I have been reading about St. Faustina and other saints who have had terrifying visions of hell. Why doesn’t the Catholic Church do a better job teaching about the possibility of hell? I can’t remember the last time I heard a sermon on this subject.


Years ago, there was a pastor in my parish that every once in a while would give a “fire and brimstone” sermon. This was the sermon where he talked about being judged by God and final damnation, all with the hope of getting people to repent. I don’t remember hearing him talk specifically about hell, but he would raise his voice and he would get so worked up that he would slam his hand against the ambo to make his point. It certainly woke everyone up, but I’m not sure it was the best homily I ever heard.Herda-Father-Jerry

I would agree with you that there are not a lot of sermons delivered on the topic of hell, but that does not mean that the Catholic Church is not teaching about the possibility of hell. The Catechism of the Catholic Church has numerous entries on the topic of hell. It states, “The teaching of the Church affirms the existence of hell and its eternity. Immediately after death the souls of those who die in a state of mortal sin descend into hell, where they suffer the punishments of hell, ‘eternal fire.’ The chief punishment of hell is eternal separation from God, in whom alone man can possess the life and happiness for which he was created and for which he longs.” (n. 1035)

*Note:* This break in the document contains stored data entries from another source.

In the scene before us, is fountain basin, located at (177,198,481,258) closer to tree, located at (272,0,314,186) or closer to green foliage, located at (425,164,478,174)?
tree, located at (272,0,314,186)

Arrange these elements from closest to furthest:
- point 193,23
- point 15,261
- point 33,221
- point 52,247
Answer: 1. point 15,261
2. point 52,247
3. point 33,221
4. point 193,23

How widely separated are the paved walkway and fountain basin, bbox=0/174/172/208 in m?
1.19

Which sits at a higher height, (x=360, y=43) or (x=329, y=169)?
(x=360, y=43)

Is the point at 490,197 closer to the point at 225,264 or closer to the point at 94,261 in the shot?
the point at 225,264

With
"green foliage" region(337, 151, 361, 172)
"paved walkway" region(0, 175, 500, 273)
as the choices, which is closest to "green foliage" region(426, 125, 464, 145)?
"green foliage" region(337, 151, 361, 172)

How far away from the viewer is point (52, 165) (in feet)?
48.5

As you stated, St. Faustina and other saints speak about the reality of hell. When St. Faustina was having her visions of hell, she stated, “I noticed that most of the souls there, are those that disbelieve there is a hell.” So, without a doubt, we need to believe that hell is a possibility. We also need to put into practice the words that we pray each time we pray the Divine Mercy chaplet, “Jesus I trust in you.”

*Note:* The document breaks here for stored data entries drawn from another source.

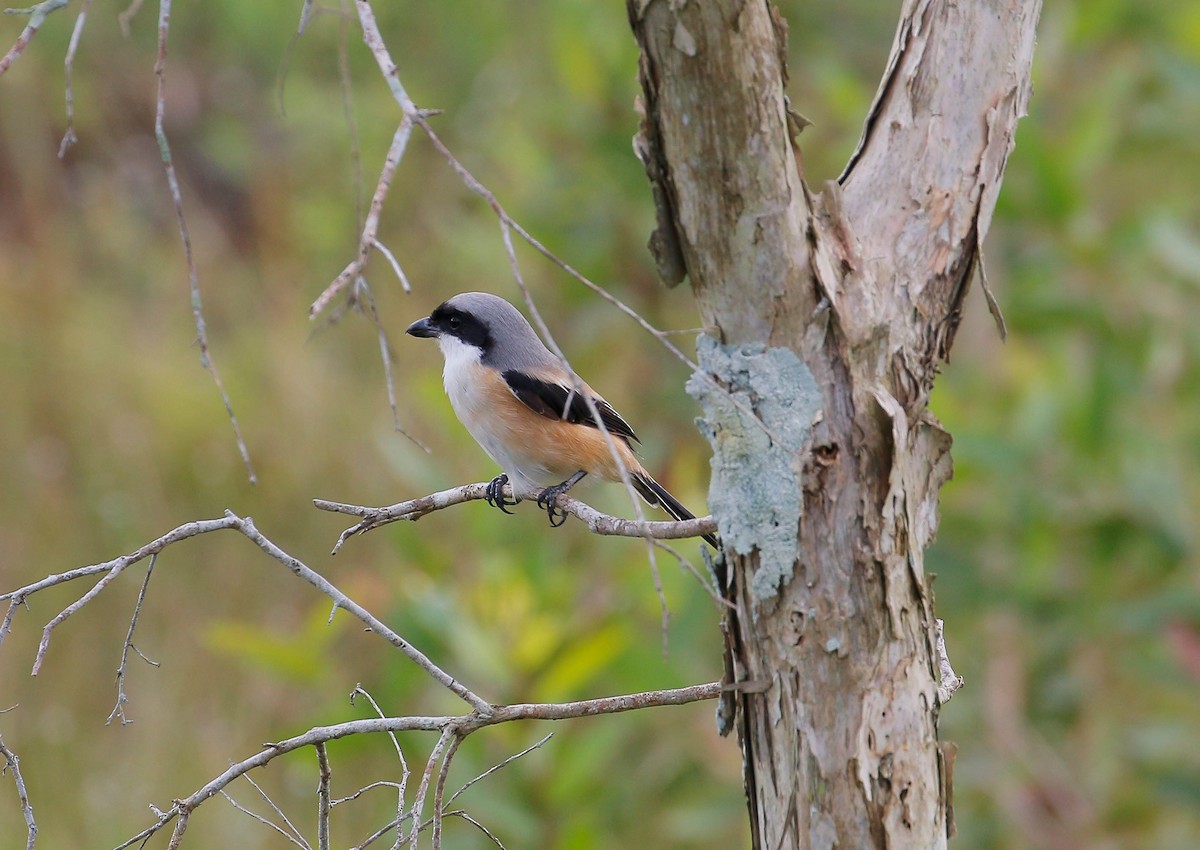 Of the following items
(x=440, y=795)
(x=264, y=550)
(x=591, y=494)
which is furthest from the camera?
(x=591, y=494)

Most homilies I give are with a message of hope. Yes, I challenge people to change their ways, to turn away from sin and repent. I strongly encourage people to go to the sacrament of reconciliation. I also know that Jesus delivered a message of healing, forgiveness, faith, hope and love. For many people, they are living “hell” on earth as a result of this coronavirus causing physical and mental illness, struggles to pay bills, or experiencing the death of a loved one. These people are in need of hope as they say, “Jesus I trust in you.”

Finally, each time we pray the rosary, we say that beautiful prayer, called the Fatima prayer, “O my Jesus, forgive us our sins, save us from the fires of hell. Lead all souls to heaven, especially those in most need of thy mercy.” This beautiful prayer reminds us to put our trust in him.